▶ RECORDED INFORMATION
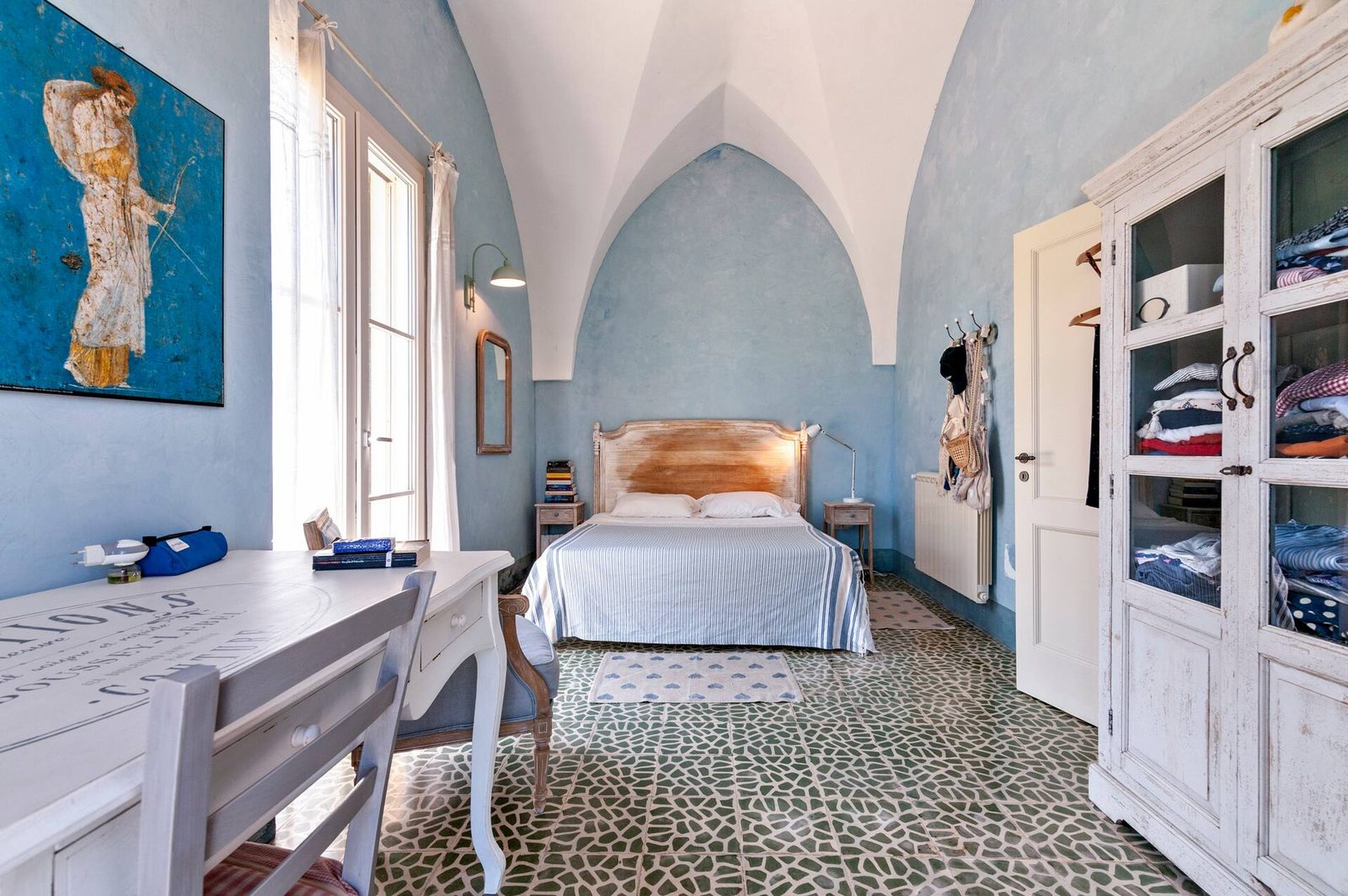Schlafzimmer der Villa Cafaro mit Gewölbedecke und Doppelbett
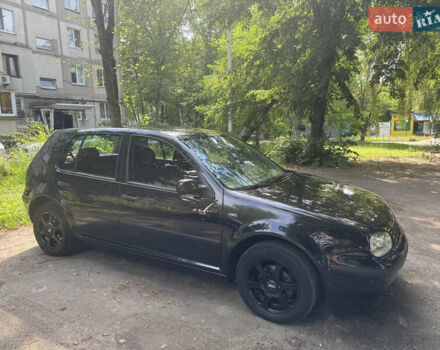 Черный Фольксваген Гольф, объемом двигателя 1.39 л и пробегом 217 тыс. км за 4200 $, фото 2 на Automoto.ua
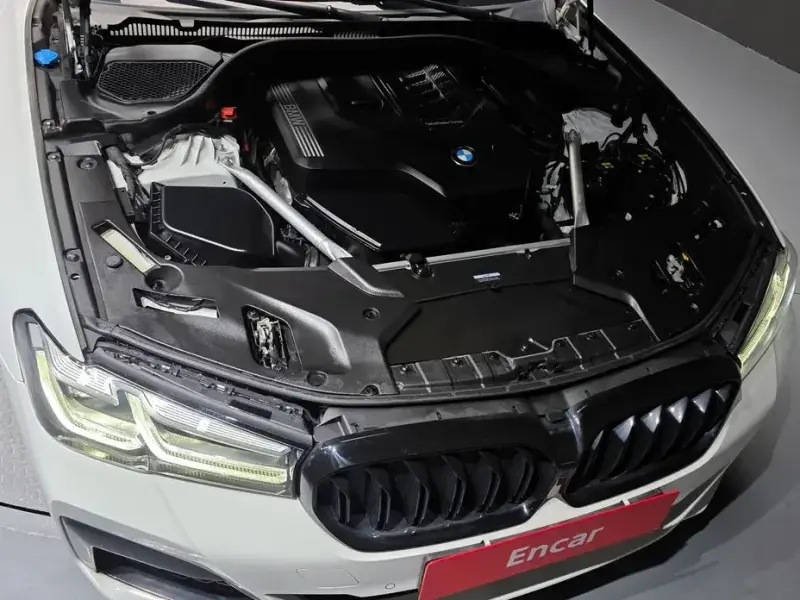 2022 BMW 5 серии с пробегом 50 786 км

▶ WHAT THIS TASK INVOLVES
Reproduce the whole listing above word for word, but not its pictures.

▶ COMPLETED EXERCISE
Schlafzimmer der Villa Cafaro mit Gewölbedecke und Doppelbett
 Черный Фольксваген Гольф, объемом двигателя 1.39 л и пробегом 217 тыс. км за 4200 $, фото 2 на Automoto.ua
 2022 BMW 5 серии с пробегом 50 786 км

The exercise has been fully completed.